▶ Data

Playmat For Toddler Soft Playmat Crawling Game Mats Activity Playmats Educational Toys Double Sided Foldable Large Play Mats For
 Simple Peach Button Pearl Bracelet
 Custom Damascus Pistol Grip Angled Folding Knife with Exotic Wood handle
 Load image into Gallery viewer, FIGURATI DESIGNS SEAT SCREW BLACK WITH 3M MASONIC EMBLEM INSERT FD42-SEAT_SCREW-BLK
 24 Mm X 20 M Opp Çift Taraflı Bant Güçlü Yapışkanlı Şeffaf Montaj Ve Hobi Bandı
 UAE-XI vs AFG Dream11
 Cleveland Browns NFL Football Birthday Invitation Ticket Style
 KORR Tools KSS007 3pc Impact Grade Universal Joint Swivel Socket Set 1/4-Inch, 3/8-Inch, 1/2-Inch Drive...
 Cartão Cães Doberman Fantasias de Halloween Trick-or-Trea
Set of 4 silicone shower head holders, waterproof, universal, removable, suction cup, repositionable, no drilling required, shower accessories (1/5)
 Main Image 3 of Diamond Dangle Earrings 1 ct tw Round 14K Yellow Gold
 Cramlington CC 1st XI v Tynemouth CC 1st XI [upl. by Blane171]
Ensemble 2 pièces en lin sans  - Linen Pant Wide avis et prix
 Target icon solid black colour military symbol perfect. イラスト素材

▶ Exercise goal
Would you return, unchanged, the lines from the one containing "Cleveland Browns NFL" through the end of the entries?

▶ Answer to this problem
 Cleveland Browns NFL Football Birthday Invitation Ticket Style
 KORR Tools KSS007 3pc Impact Grade Universal Joint Swivel Socket Set 1/4-Inch, 3/8-Inch, 1/2-Inch Drive...
 Cartão Cães Doberman Fantasias de Halloween Trick-or-Trea
Set of 4 silicone shower head holders, waterproof, universal, removable, suction cup, repositionable, no drilling required, shower accessories (1/5)
 Main Image 3 of Diamond Dangle Earrings 1 ct tw Round 14K Yellow Gold
 Cramlington CC 1st XI v Tynemouth CC 1st XI [upl. by Blane171]
Ensemble 2 pièces en lin sans  - Linen Pant Wide avis et prix
 Target icon solid black colour military symbol perfect. イラスト素材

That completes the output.